Oracle tackles the context conundrum
- By Joab Jackson
- Feb 14, 2008
The trouble with keeping data in a standard relational database is that such information does not typically come with machine-readable descriptions of what the data is. Searching through an Air Force database will not provide any indication that what you are looking at is an Air Force database.
As long as the database is used by its intended audience, this lack of database self-awareness is not a problem. But when another system needs to access the data, how will it make sense of the columns and rows of data? It is this semantic cluelessness that slows the process of gathering intelligence from the data.
At least one commercial database vendor is addressing this problem. Oracle is using two Semantic Web tools for the job: the Resource Definition Framework (RDF), support for which was added in Oracle 10g, and the Web Ontology Language (OWL), added in Oracle 11g.
RDF is the starting point.
'By storing RDF and applying rules to it, you can infer new information' and render explicit context about the data, said Xavier Lopez, director of spatial and semantic technologies at Oracle.
RDF offers the ability to link two data elements along with a term that describes the relationship between the two. The resulting three terms are called a triple. For instance, the database can ingest this statement: Lopez works at Oracle. 'Lopez' would be the subject, 'Oracle' the object and 'works at' the predicate tying together the two, according to the description of RDF from the World Wide Web Consortium (W3C), which oversees the framework (GCN.com/960).
But that's just the start. Having these relationships in machine-readable language allows further reasoning about the data ' making it machine-readable by other systems.
'Once you have triples in the database, you can start doing things you couldn't do before,' Lopez said. 'It is essentially designed to find patterns. Previously, it was available everywhere, but you couldn't find patterns. Now you can find patterns across it.'
Unlike the traditional data cubes used in data mining applications, the schema of the data does not need to be established beforehand, making ad hoc queries a lot easier to execute.
Lopez has seen customers compile billions of triples.

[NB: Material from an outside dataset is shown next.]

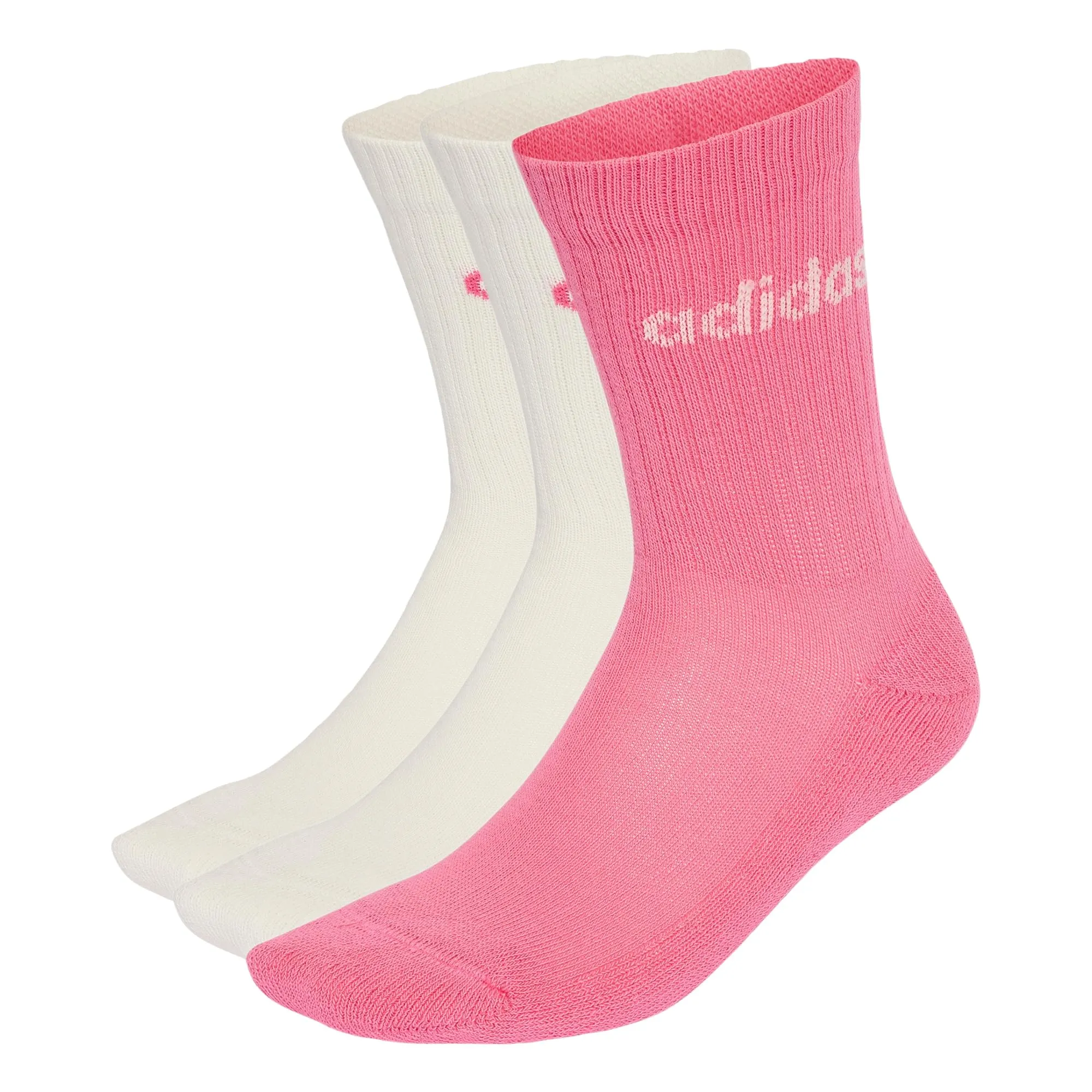 adidas Linear Cushioned Socks, 3 Pairs, Off White / Pink Fusion / Off White, Size 43 - immagine 1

After enough data has been rendered into this format, additional inferences can be made.
For instance, if you have 'Xavier works at Oracle' and 'Oracle is a software company' then an inference could be that Xavier works for a software company.

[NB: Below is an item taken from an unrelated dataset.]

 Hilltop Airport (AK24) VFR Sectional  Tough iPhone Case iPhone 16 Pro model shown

This is a simple example, but a logical step-by-step process can generate new information.
And this is where OWL comes in.
OWL extends the range of inferencing that can be done on a dataset, Lopez said. Another W3C standard (GCN.com GCN.com/961), OWL is a 'richer rule base,' he said. It offers sets of hierarchies that allow data to be described in terms of property characteristics, equalities and inequalities, data types, and restrictions on how the data can be defined.
Oracle has tools that can render standard relational data into the RDF format. And many software tools exist that parse unstructured data from Web sites, e-mail messages, blog sites and any other text-based documents into the RDF format.